On July 20, 2017, the Federal Council of Ministers approved the draft law for the reform of the companies code. Per 1.5.2019 this law is into force. What will change now right? There are three main important changes.
1. Abolition of the difference between civil and commercial companies
The distinction between commercial companies, which have a commercial purpose (e.g. a construction company), and civil partnerships, which have no commercial purpose (e.g. the practice of two doctors), falls away. All companies, non-profit associations and foundations in the new code are considered ‘ companies ‘. The importance of this is that civil partnerships and NPIs will also be able to apply for bankruptcy. A ‘ right ‘ that so far only is reserved for commercial companies.
2. Inclusion of associations
The name says it all itself: the new ‘ code for companies and associations ‘ will dictate the law for both companies as associations. Not the kind of activities, but the pursuit of profit distribution is after the reformation the only criterion for companies and associations. With an association you are allowed to make a profit, as long as you pay them to a goalless purpose (and not to the founders, directors, members …).

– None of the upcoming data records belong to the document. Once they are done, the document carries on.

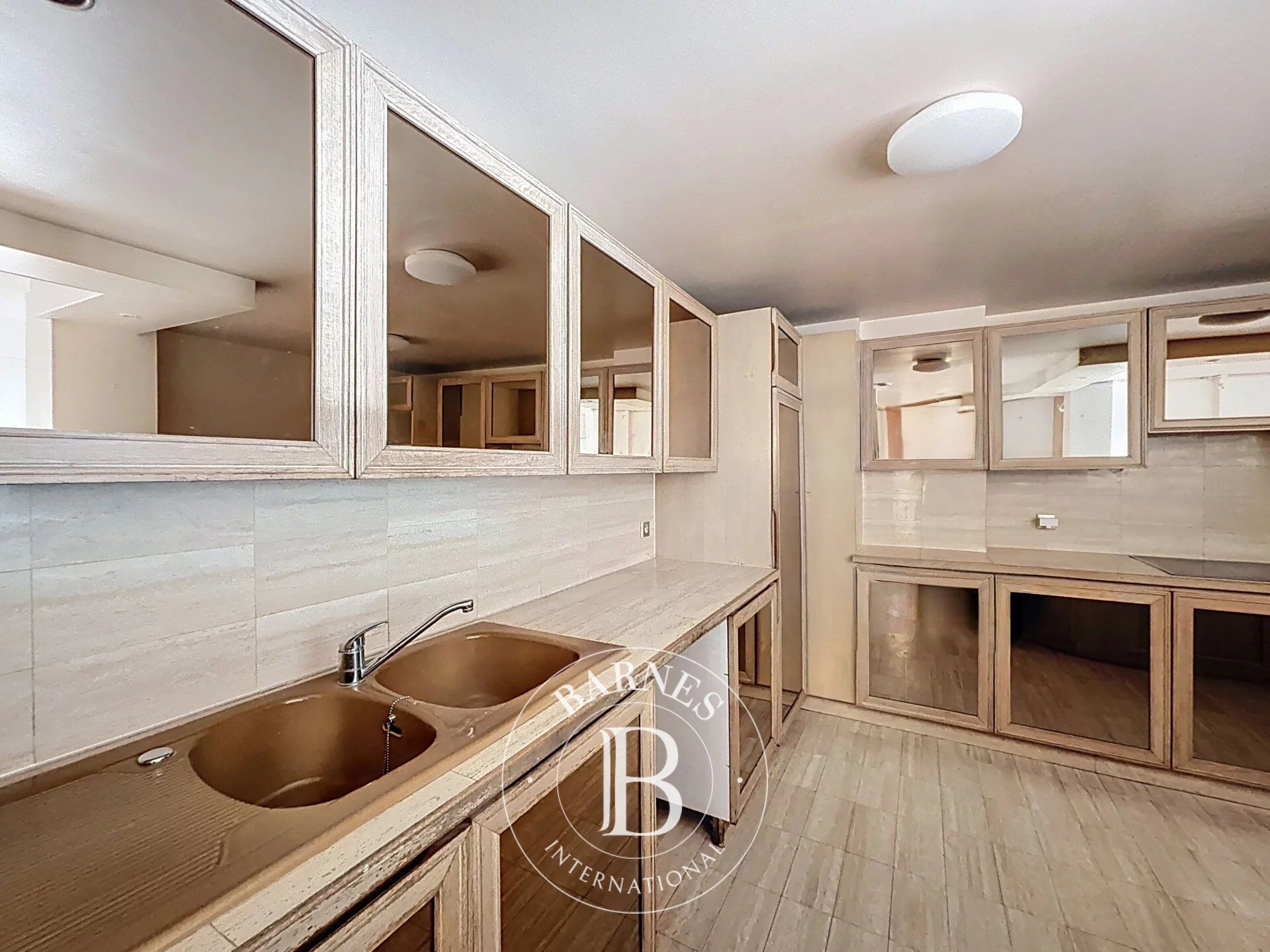 For Rent, Apartment Paris 4ème - picture 4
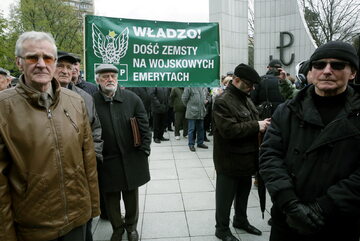 Protest byłych funkcjonariuszy służb PRL przed Sejmem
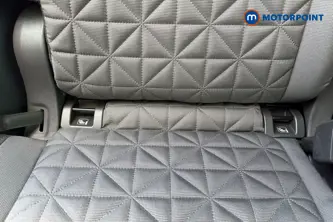 Volkswagen Tiguan Life Automatic Petrol SUV - Stock Number (1678108) - 27th supplementary image
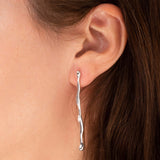 ohr mit Silber Ohrhänger in amorpher Form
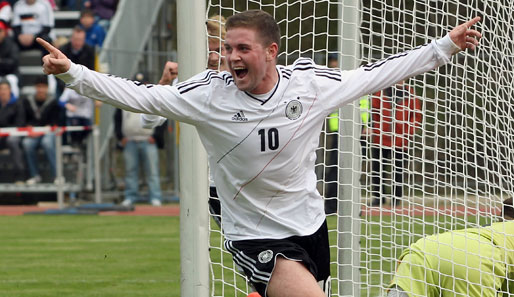 Marc Stendera wird der Frankfurter Eintracht bis Juni 2015 erhalten bleiben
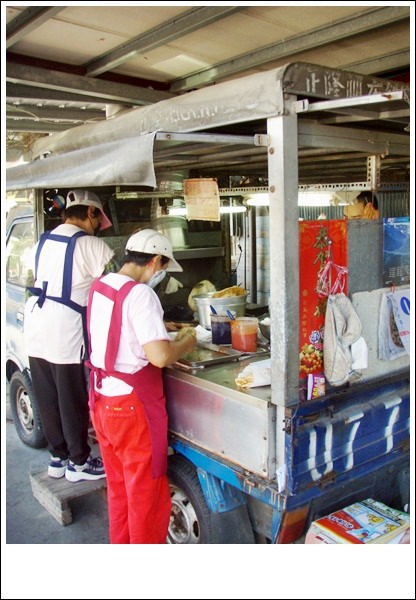 花蓮美食.炸彈老牌蔥油餅(藍色發財車)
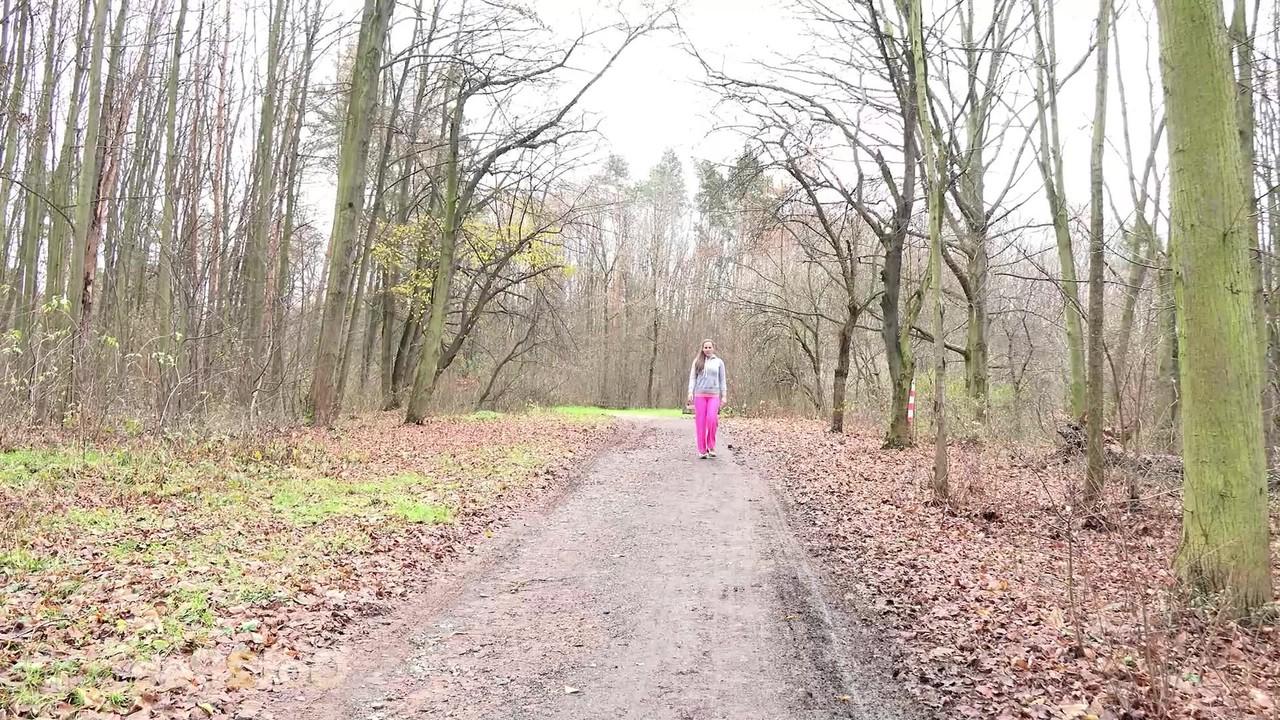 15P A garota caucasiana Valentina Ross mija muito em uma estrada rural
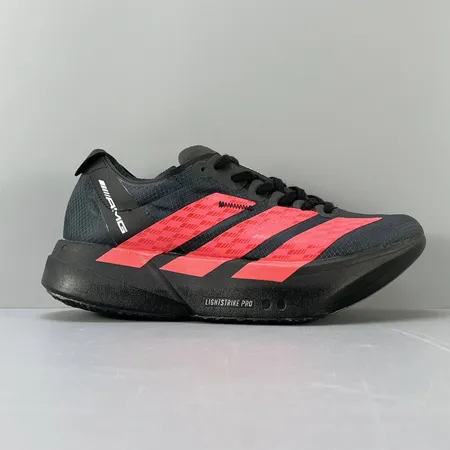 アディダス スニーカー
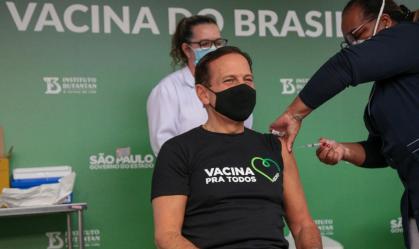 O governador de São Paulo, João Doria (PSDB), recebeu a primeira dose 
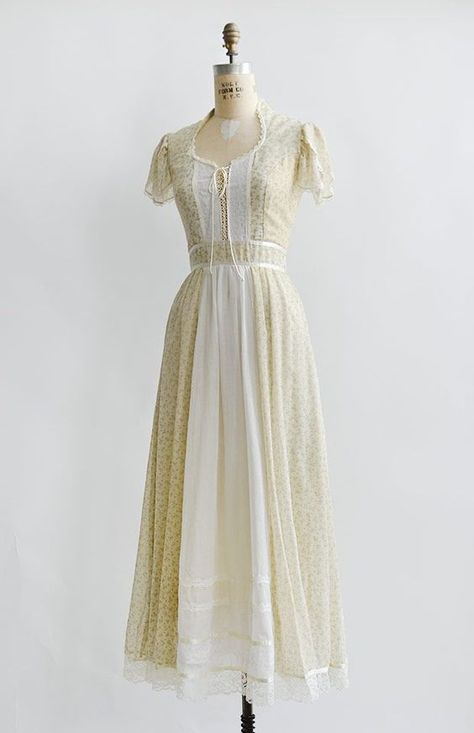 1970 Dress, Sax Dress, Gunne Sax Dress, Vintage Inspired Clothing, Feminine Clothing, Adored Vintage, Vintage Inspired Outfits, Gunne Sax, Daily Living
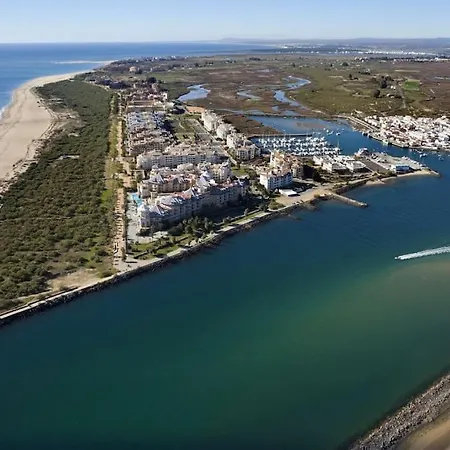 Apartamento Centro De Ayamonte. Junto Al Rio Guadiana Y Nuevo Puerto Deportivo. *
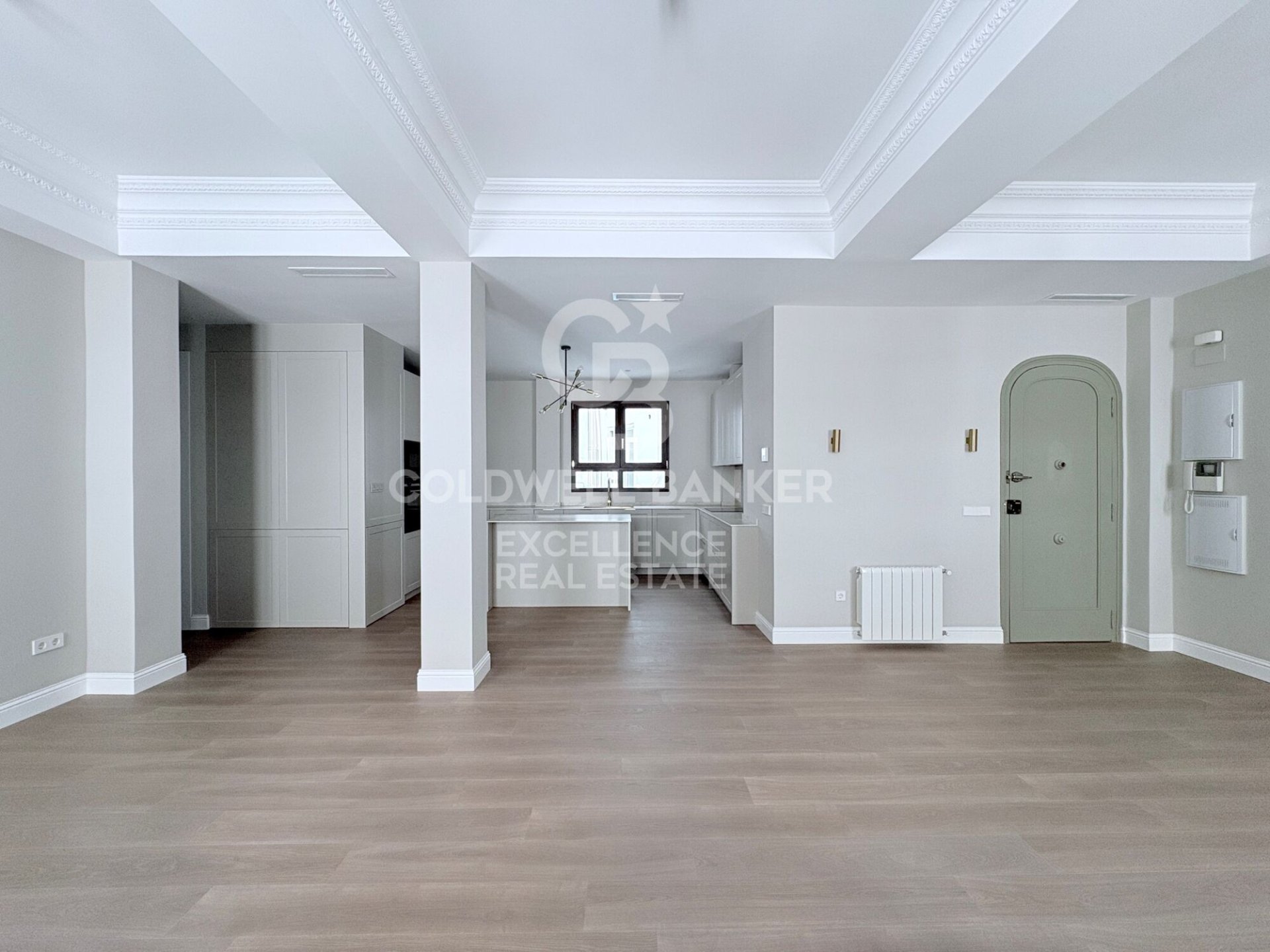 Huoneisto Valencia, Espanja 3 makuuhuonetta, 153 m2 No. 178436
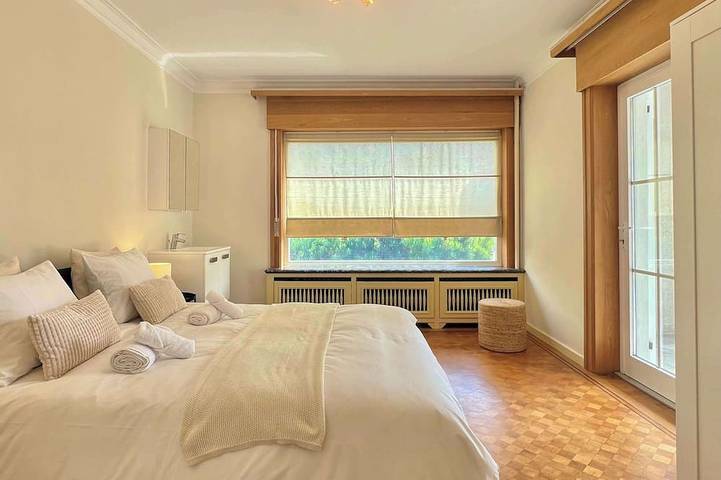 Location de vacances pour 16 personnes, avec jardin et piscine ainsi que sauna et balcon à Halle (Flandre) - 3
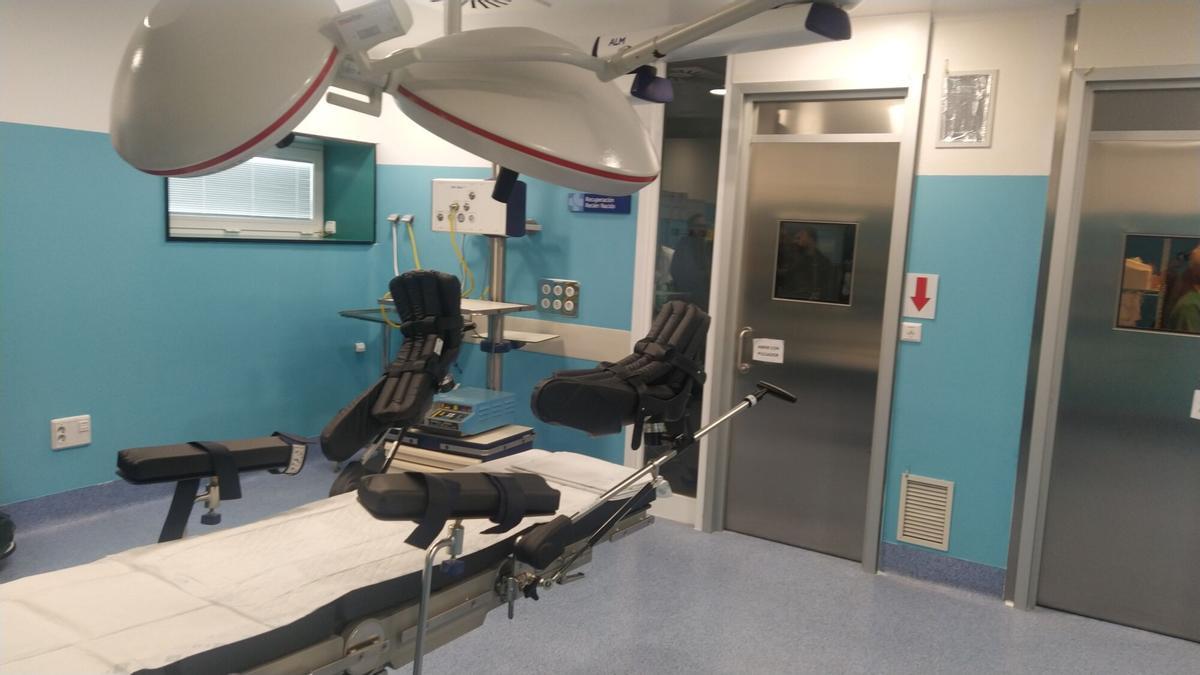 Un quirófano  en el hospital Virgen de la Concha de Zamora.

3. Less associations formats
Of all types of companies only four will remain:
1 ° the partnership: attractive because of its simple creation, but riskier because of the personal and unlimited liability. The vof and gcv go on in this form.
2 ° the cooperative: for at least three shareholders, all limited liability.
3 ° the private limited company (bv): the former bvba, especially interesting for small and medium-sized enterprises (no start capital).
4 ° the limited company (nv): for large companies (start-up capital: 61,500 euros).
To the European company and the economic interest grouping was nothing changed, since that falls under European supervision.
Also these changes will enter into force step by step:
- The starting capital in the bv disappears: formerly, the starting capital of a bvba 18,550 euros. In the new bv you’re free to start without any capital.
- ‘One headness’ in the bv and nv: one partner is sufficient, in order to establish a bv or nv. It does not matter anymore if it is a natural person or a legal person (e.g. a company).
- More ‘ openness ‘ in the bv: the bv will be closer to the nv. For example, a bv will be able to transfer shares freely and even get a listing.
- Limit on liability: the liability will be limited, depending on the size, turnover and total assets of your company.
- The right ‘ moves ‘ no longer: a Belgian company that moved its registered office abroad, will also fall under the foreign company law.
What about existing associations?
They will receive a transitional period. They have until 2029 to adjust their statutes to be fully in line with the new corporate law. If they don’t, then their enterprise automatically transformed to the most compliant form.